LCA in a Binary Search Tree
You are given a binary search tree (BST) containing N nodes. Additionally, you have references to two nodes, P and Q, within this BST.
Your task is to determine the Lowest Common Ancestor (LCA) of these two nodes. The LCA of two nodes P and Q is defined as the lowest node in the BST that has both P and Q as descendants (allowing a node to be a descendant of itself).
Input:
The first line contains an integer 'T', representing the number of test cases.
For each test case:
- The first line contains two space-separated integers P and Q, indicating the nodes whose LCA needs to be found.

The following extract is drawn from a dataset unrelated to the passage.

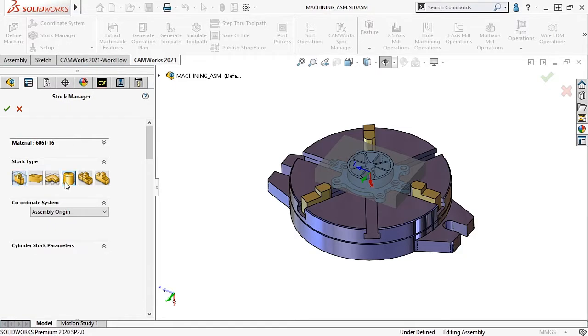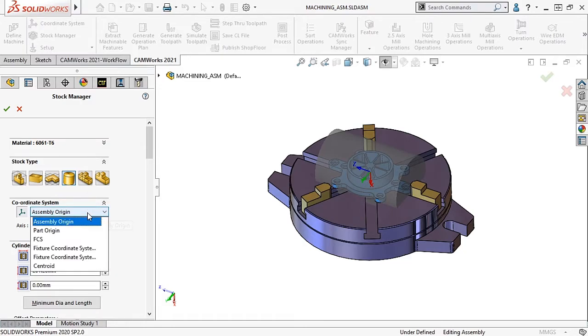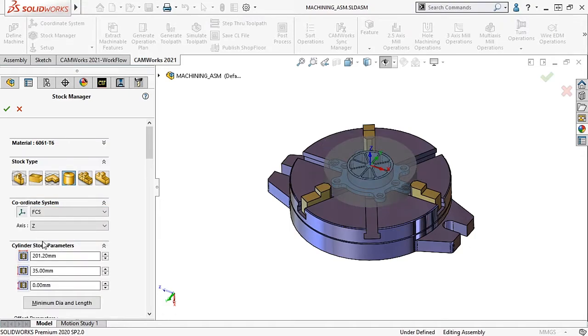I can then tell CAMWorks how to orient the cylinder around the part by selecting which coordinate system I would like the stock to follow. I will select the current fixture coordinate system and then the axis to align the stock to.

- The second line contains integers representing the BST elements in level order, separated by spaces. If a node does not have a left or right child, it is represented by -1.
Output:
For each test case, print the LCA of nodes P and Q on a separate line.
Example:
Example input for a tree:
1
2 3
1 2 3 4 -1 5 6 -1 7 -1 -1 -1 -1 -1 -1
Explanation of the example:
- Level 1: Root node is 1.
- Level 2: Left child of 1 is 2 and right child is 3.
- Level 3: Left child of 2 is 4 (right is -1/null), left of 3 is 5, right is 6.
- Level 4: Right child of 4 is 7; others are null (-1).
- The input ends when all nodes at the final level are null (-1).
Constraints:
- 1 ≤ T ≤ 100
- 1 ≤ N ≤ 5000
- 0 ≤ Data ≤ 106 and Data ≠ -1
Note:
The format explained was to clarify how input is generated for a given tree structure. All elements for the tree levels are space-separated in one line.